Natation

Les dernières longueurs de Sandrine Mainville

En rentrant à l’hôtel après la dernière soirée des Championnats du monde de Budapest, en juillet, Sandrine Mainville s’est mise à pleurer. « Wow, c’est vraiment la fin », s’est-elle dit.

En réalité, la médaillée des Jeux olympiques de Rio nage encore. Plus vite que jamais, mais plus pour très longtemps.

Aux Championnats nationaux universitaires de Toronto, fin février, elle a réalisé le meilleur temps de sa carrière au 50 mètres libre en petit bassin. Elle s’est aussi approchée à cinq centièmes de sa marque personnelle au 100 m libre, qui date de 2013 et représentait alors un record canadien.

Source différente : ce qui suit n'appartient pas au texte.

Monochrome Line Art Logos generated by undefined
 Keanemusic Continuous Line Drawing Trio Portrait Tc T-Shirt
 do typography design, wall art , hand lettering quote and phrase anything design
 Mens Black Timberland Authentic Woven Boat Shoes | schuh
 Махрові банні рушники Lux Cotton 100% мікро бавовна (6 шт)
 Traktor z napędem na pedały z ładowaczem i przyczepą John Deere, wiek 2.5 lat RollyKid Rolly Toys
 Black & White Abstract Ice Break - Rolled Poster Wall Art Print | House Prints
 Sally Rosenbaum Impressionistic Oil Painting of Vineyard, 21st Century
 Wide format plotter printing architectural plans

Au total, pour sa dernière compétition universitaire à vie, la représentante des Carabins de l’Université de Montréal a remporté quatre médailles d’or et une d’argent, occupant les deux plus hautes marches du podium à deux reprises avec sa sœur cadette Ariane.

Pas mal pour une athlète de 26 ans qui nage deux fois moins souvent qu’à l’époque de Rio. « Je me suis surprise », a confié Sandrine Mainville, rencontrée hier matin à la piscine du Parc olympique de Montréal, où elle participe jusqu’à dimanche aux Championnats canadiens.

Après le bronze obtenu au relais 4 x 100 m libre à Rio, Mainville a quitté le centre d’entraînement national de Toronto pour revenir s’établir à Montréal, nager avec sa sœur à CAMO et poursuivre ses études de droit.

Sa session terminée, elle a renoué avec la métropole ontarienne et l’entraîneur Ben Titley en prévision des Mondiaux de Budapest (grand bassin), où elle a atteint ses deux premières demi-finales individuelles. Elle a également réussi un autre meilleur chrono à titre de première relayeuse en préliminaires du 4 x 100 m libre mixte. En soirée, ses quatre coéquipiers lui ont permis de conclure sa carrière avec la médaille de bronze, sa deuxième à cette épreuve.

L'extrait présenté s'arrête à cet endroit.